Estreia nesta sexta-feira (4) na Netflix uma aposta segura para o Oscar 2021: Mank. O filme dirigido por David Fincher, de Seven: Os Sete Crimes Capitais (1995) e A Rede Social (2010), deve concorrer em várias categorias, pois reúne sete virtudes capitais para a Academia de Artes e Ciências Cinematográficas de Hollywood:

1) Os bastidores nem sempre luminosos de Hollywood

Há algo de podre no reino de Hollywood, tanto a indústria quanto a localidade em Los Angeles, e isso cheira a indicações ao Oscar. Crepúsculo dos Deuses (1950), de Billy Wilder, teve 11. O Dia do Gafanhoto (1975), de John Schlesinger, concorreu a duas estatuetas. Barton Fink (1991), dos irmãos Coen, e O Jogador (1992), de Robert Altman, três cada um. Los Angeles, Cidade Proibida (1997), de Curtis Hanson, e Birdman (2014),de Alejandro González-Iñárritu, receberam nove indicações.

2) A nostalgia por baixo das sombras

Ainda que seja uma trama sobre traições e decadência, Mank também traz um olhar nostálgico, evocado desde os letreiros até a montagem que emula as fusões dos anos 1930 e 1940, passando pela trilha em que os habituais colaboradores de David Fincher, Atticus Ross e Trent Reznor, só utilizam instrumentos daquela época e pela majestosa e fantasmagórica fotografia em preto e branco. Que, por si só, já conta pontos na categoria, vide as recentes indicações ao Oscar de O Artista (2011), Nebraska (2013), Ida (2014), Guerra Fria (2018), Roma (2018) e O Farol (2019).
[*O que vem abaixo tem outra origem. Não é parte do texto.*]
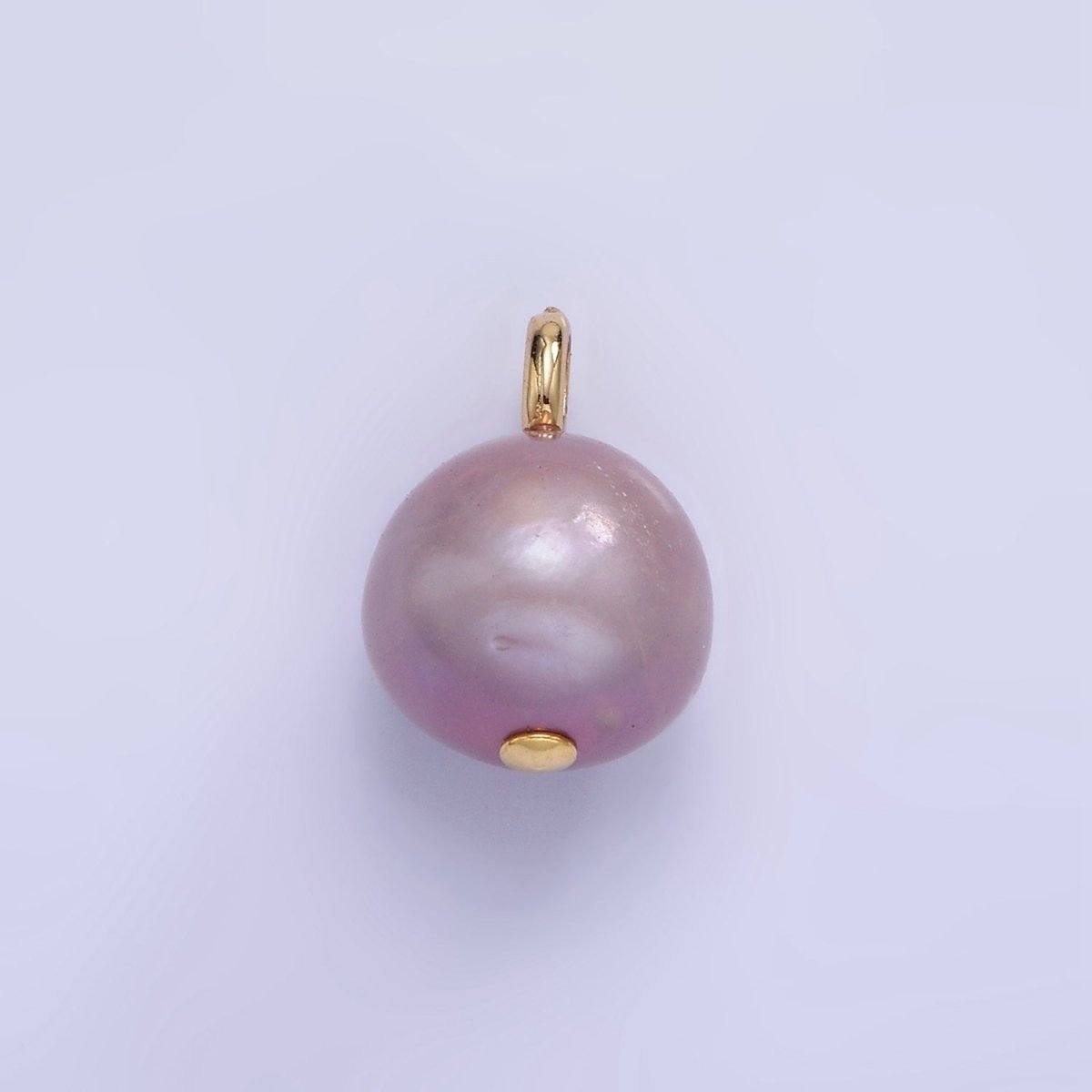 14K Gold Filled 15mm Purple Freshwater Pearl Button Drop Pendant | P1687 - DLUXCA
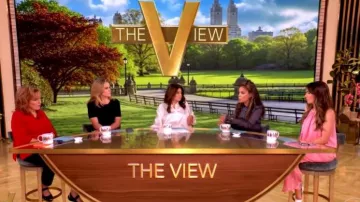Pantalones de mezcla de algodón con ojal Cinc à septAlba bordados en mezcla de vichy usados por Alyssa Farah Griffin, tal como se ve en The View el 26 de junio de 2026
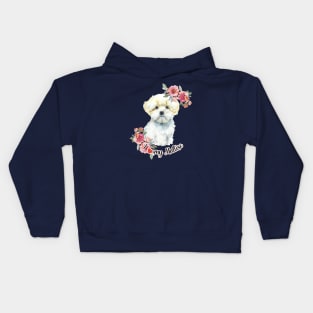 I love my Maltese Cute Maltese Puppy with Flowers Watercolor Art Kids Hoodie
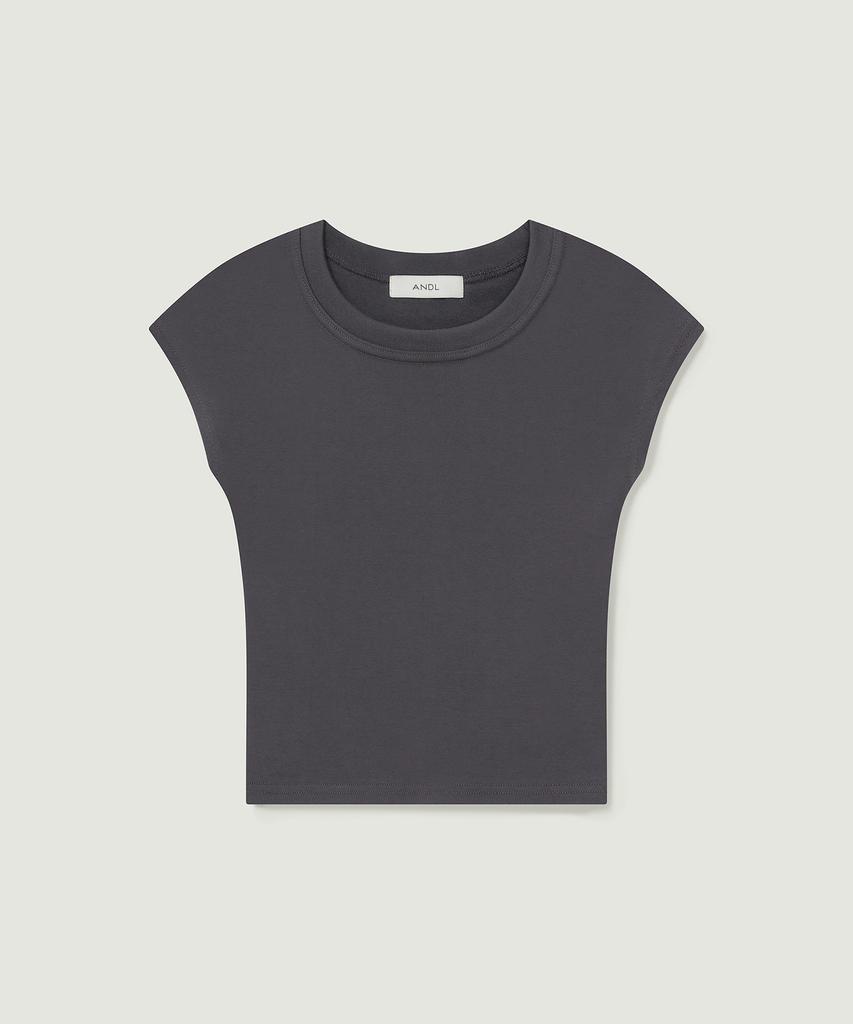 Aendeuel Cap Sleeve Slim T-Shirt - Charcoal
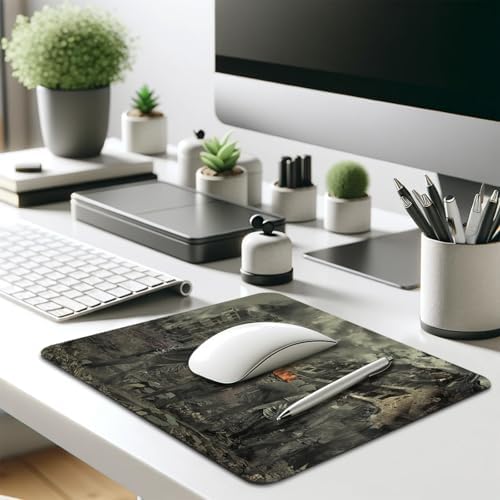 Zombie Apocalypse Ruined City Mouse Pad, Horror Halloween Dark Desk Mat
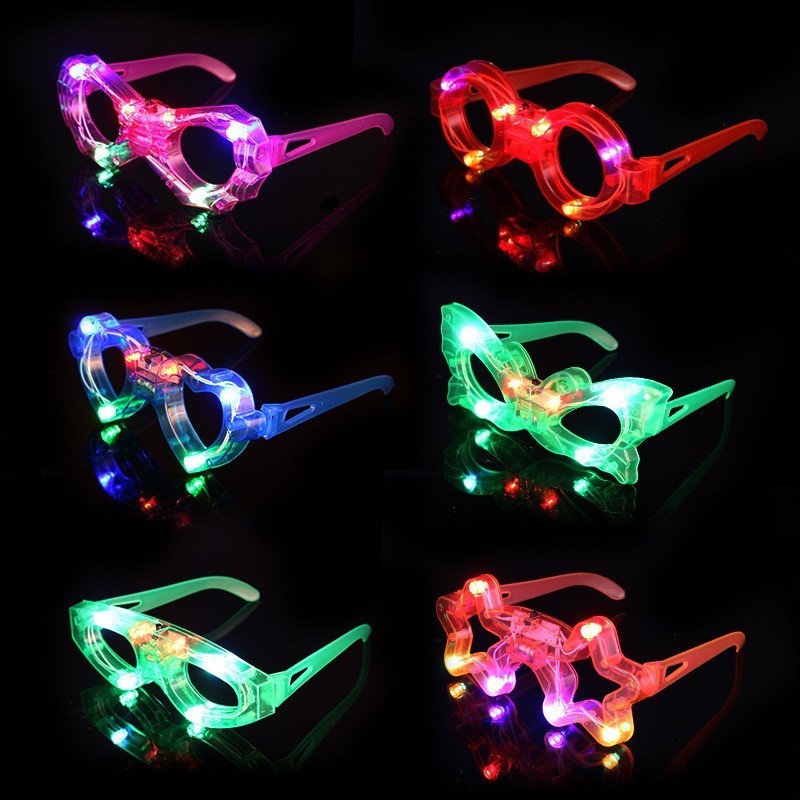 Hot LED Glasses 7 Shapes 6 LED Glow in the Dark Party Supplies Favor for Kids Adult Light up Toy Glasses for Birthday Christmas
Uma mirada saudosista para Hollywood também atrai a Academia, como comprovam O Artista, que concorreu a 10 estatuetas, La La Land (2016), que disputou 14, e Era Uma Vez em Hollywood (2019), que brigou por 10. Nessa leva também dá para incluir Cantando na Chuva (1952) e Ed Wood (1994), ambos indicados a dois prêmios, e Chaplin (1993), três.

3) Personagens reais

Netflix / Divulgação
Gary Oldman interpreta Herman J. Mankiewicz e desponta como candidato ao Oscar de melhor ator

Cinebiografias e reconstituições de fatos históricos já partem em vantagem na corrida ao Oscar a lista de exemplos seria imensa, mas vale dizer que em 12 das últimas 18 edições a estatueta de melhor ator foi para quem encarnou um personagem real. O portagonista de Mank é Herman J. Mankiewicz (1897-1953), roteirista que ganhou prestígio graças a uma batelada de comédias dos anos 1920 e 1930, como Jantar às Oito e Diabo a Quatro, nem sempre recebendo o crédito era uma espécie de bombeiro dos grandes estúdios. Um bombeiro incendiário: também era viciado em álcool, em apostas e em aforismos que não raro incomodavam os chefões de Hollywood. Seu trabalho mais famoso e o único oscarizado foi também o mais conturbado: o roteiro de Cidadão Kane (1941), coassinado pelo diretor Orson Welles (motivo de rusga entre os dois) e considerado o maior filme de todos os tempos. No papel de Mank, Gary Oldman pode brigar pelo seu segundo Oscar de melhor ator, novamente dando vida a uma pessoa que exisitiu ganhou pelo primeiro-ministro britânico Winston Churchill de O Destino de uma Nação (2017), ambientado na Segunda Guerra Mundial.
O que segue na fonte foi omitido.